In 2011, the Houston Astros acquired Jonathan Singleton and others from the Philadelphia Phillies in exchange for Hunter Pence. The lefty slugger mashed the baseball in 2012 for the Astros’ Double-A affiliate and was labeled as one of the best first base prospects in the game. His strikeout percentage crept up to the low 20’s, but Singleton paired that with plenty of power and an above average walk rate.
Last year, Singleton’s season was delayed due to a drug violation (marijuana). He was suspended 50 games. Upon his return, he made short stops in Single-A and Double-A, before settling in at Triple-A. Singleton’s misfortunes continued as he struggled mightily at the plate. Known for his plus power, Singleton came up short in that area during his time at Triple-A, posting a career low ISO. What was even more discouraging was the strikeout rate, which ballooned to over 30%.
There were some encouraging signs, however. After a rough season in the minors, Singleton dominated Puerto Rican Winter Ball. He led the league in home runs, total bases, and OPS. More importantly, it sounds as if he is getting his off-the-field life back together, opening up about his drug addiction and dealing with it in a positive way.
After a disastrous and uncharacteristic year at the plate, Singleton is looking to bounce back and take over the Astros first base job as soon as possible. The players that stand in his way are unspectacular to say the least, so his big league call up is only a matter of time. Many prospects generate plenty of buzz this time of year, but Singleton could be one of the few to get an early call and impact the majority of the season.
Despite his disastrous 2013, Singleton is still well-regarded on the top 100 lists for 2014:
Baseball America: 82
Keith Law: 78
Marc Hulet: 55
Baseball Prospectus: 57
Fangraphs prospect writer, Marc Hulet, discusses Singleton:
“Singleton has a chance to develop into an average hitter with plus power from the left side. Two big issues are holding Singleton back from further success: his struggles against left-handed pitching and his overall swing-and-miss tendencies. He didn’t win over any fans by returning to the game out of shape after his suspension, and needs to prove he’s 100% committed to being a professional.”

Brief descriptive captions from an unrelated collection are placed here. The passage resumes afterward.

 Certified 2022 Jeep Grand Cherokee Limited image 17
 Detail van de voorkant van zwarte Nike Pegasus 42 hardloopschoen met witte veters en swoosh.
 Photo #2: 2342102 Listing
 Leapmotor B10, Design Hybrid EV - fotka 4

Singleton’s latest comments about his life are encouraging. Whether you consider marijuana a big deal or not, Singleton’s mentality appeared to not have been in the right place to be a successful major league baseball player. The winter league results and the spring reports about his conditioning are positive. It remains to be seen if Singleton can continue to do what he needs to do to be a success on the field.
Minor League Production
Even a pretty decent BABIP couldn’t save Singleton’s 2013 season. If he wants to have a chance for success at the big league level, that K% is going to have to revert to what it was in earlier seasons. And even then, it isn’t all that great.
Let’s see how real his struggles are versus lefties.

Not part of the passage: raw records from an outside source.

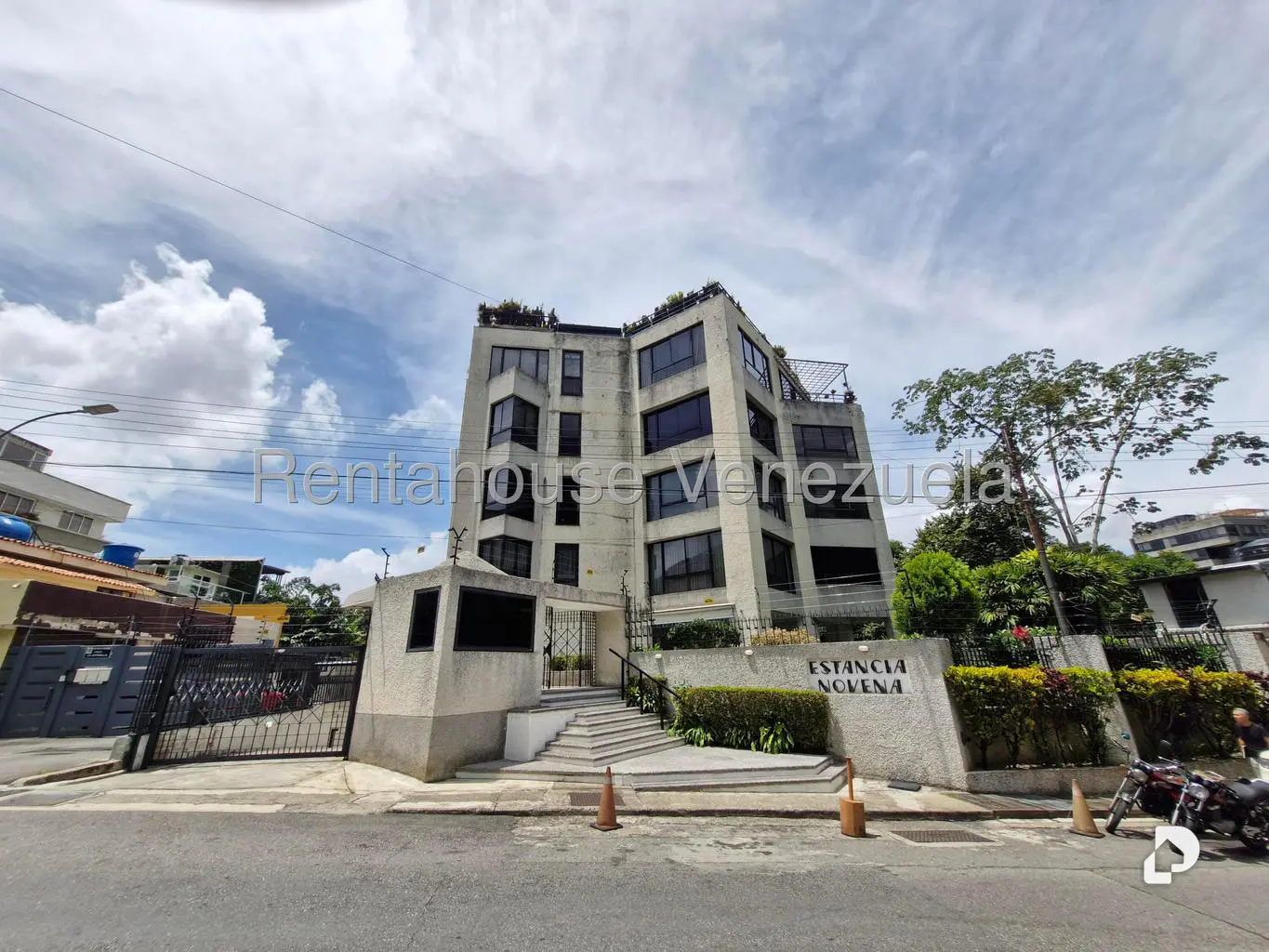 Apartamento en Los Palos Grandes, Caracas – 27
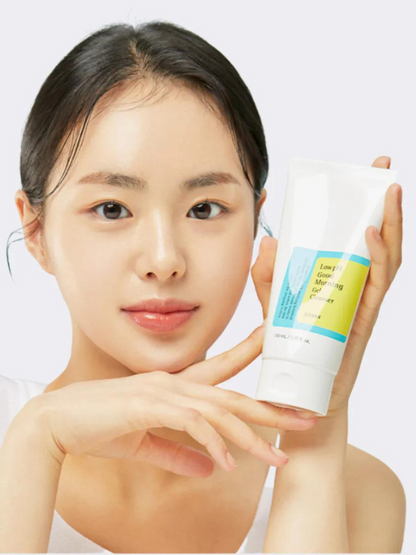 COSRX Low pH Good Morning Gel Cleanser, model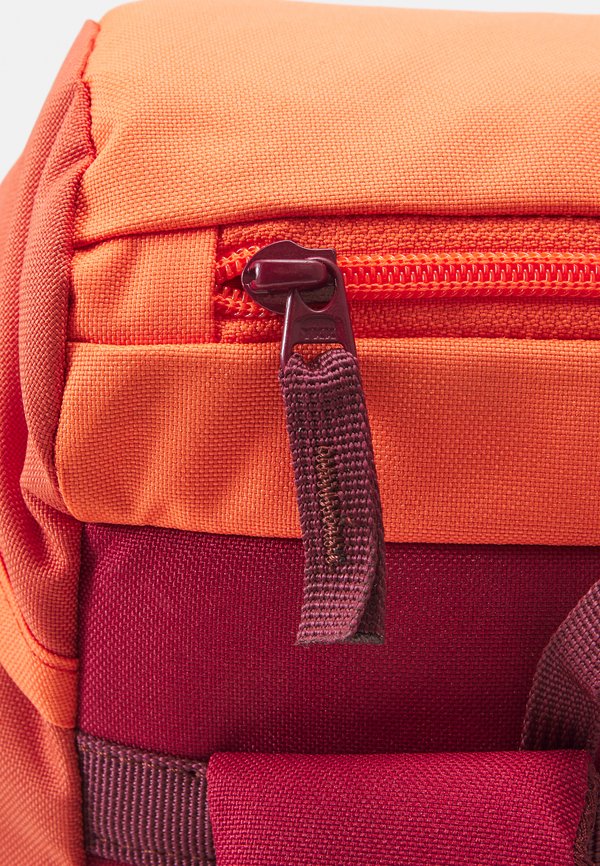 PUCK 10 UNISEX – Tagesrucksack – hotchili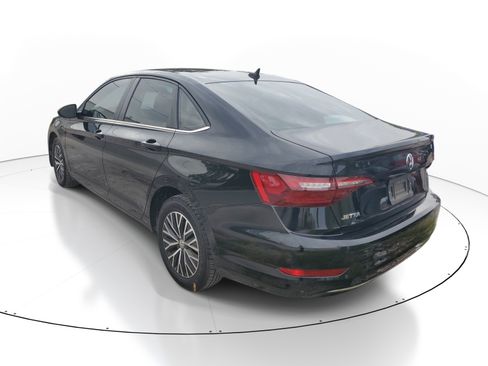 Used 2021 Volkswagen Jetta SE w/ SE Cold Weather Package FWD image 6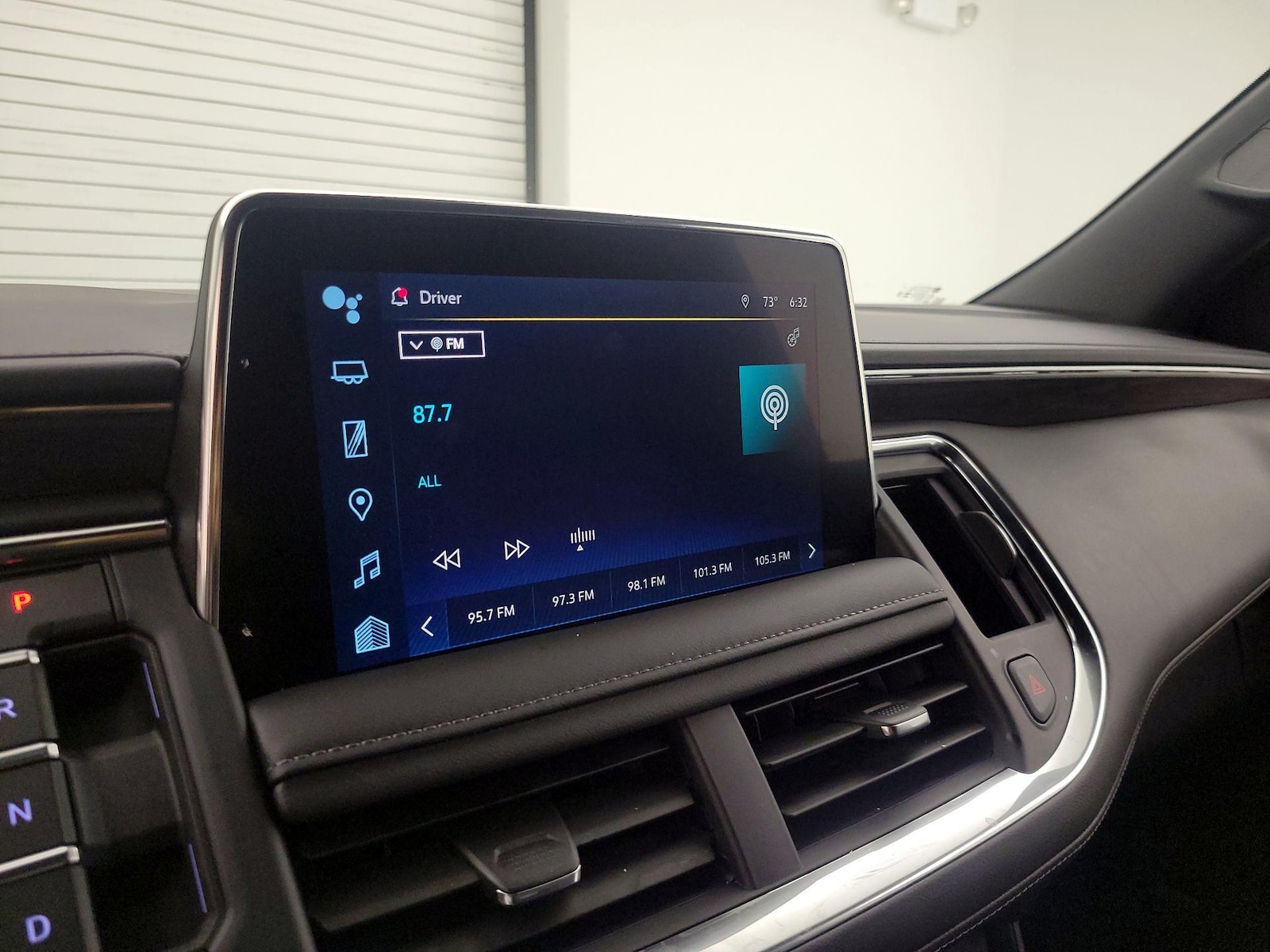2023 Chevrolet Suburban LT - Photo 16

Yeah, they are real. It isn’t that Singleton just strikes out more versus lefties, much of his power seems to be missing as well. You can’t help but see a future platoon candidate.
Considering where the Astros are as a team and who Singleton is as a hitter, a mix between ZiPS and Steamer seems to be the best bet for what the first baseman could produce in 2014. The 24 home runs by Oliver are nice (and unlikely), but the rest of the projection is very harsh. It would be surprising to see Singleton struggle that much at the major league level. 38.3% strikeout rate? Oof. That would have led all hitters with at least 150 plate appearances last season.

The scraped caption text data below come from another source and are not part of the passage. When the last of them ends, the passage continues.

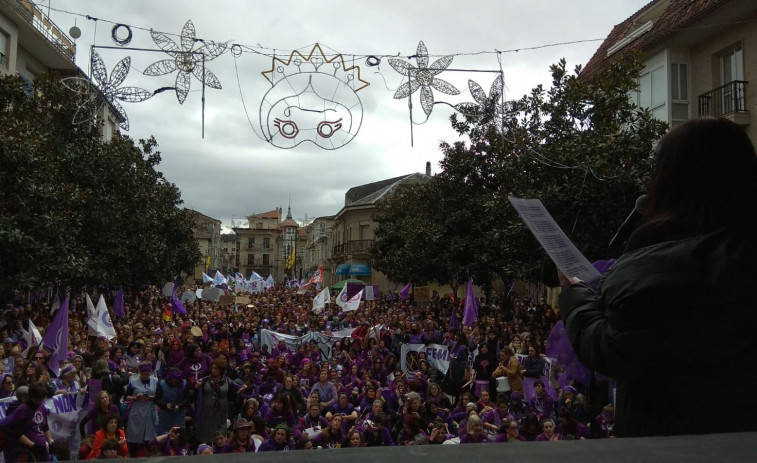 El feminismo caldea el 8M con una manifestación multitudinaria en Verín contra 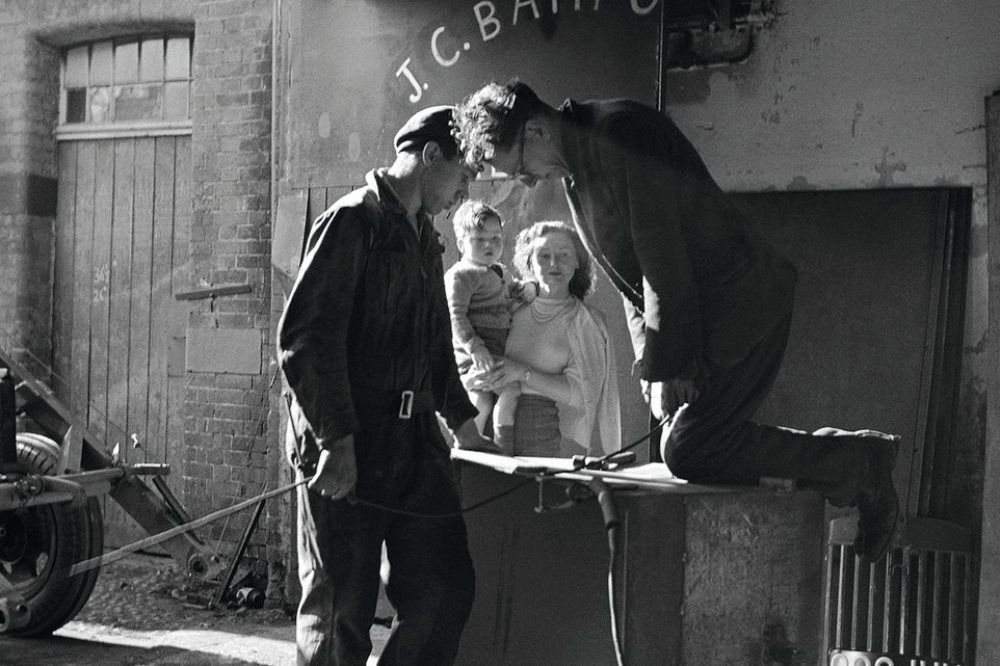 1948 год. Фирма Джозефа переехала в конюшни. Маленький Энтони на руках у матери.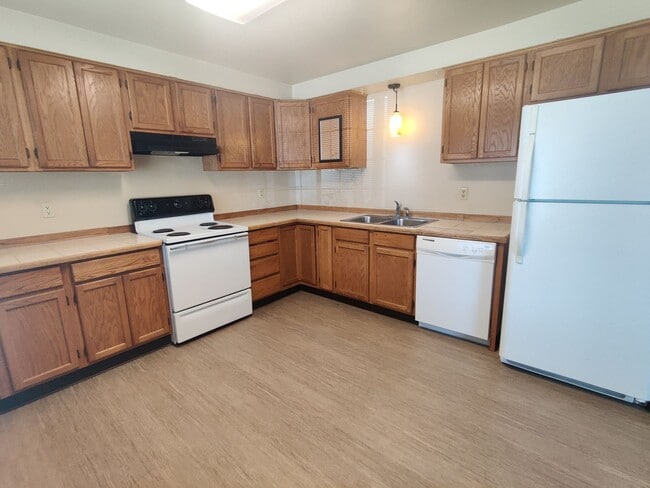 Foto del edificio - Central Kennewick Duplex for Rent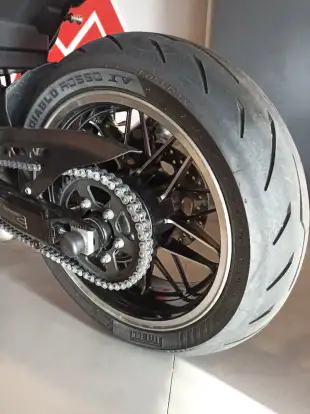 KAWASAKI-Z900RS-2023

Jon Singleton can hit the ball far, but his impact on the 2014 season looks a bit cloudy. He can’t hit lefties and there is a cool breeze from all the whiffs. Once he gets the call, Singleton could be useful as a strict platoon bat in deep leagues (15+), especially ones that count OBP.
Assuming he gets the K’s to a salvageable place (22%-27%), a .250-.270 hitter with 25-30 home run power is possible, even if he continues to struggle against left-handed pitchers. But taking into account playing time and his past production, there just isn’t a reason to expect that kind of success from Singleton in 2014.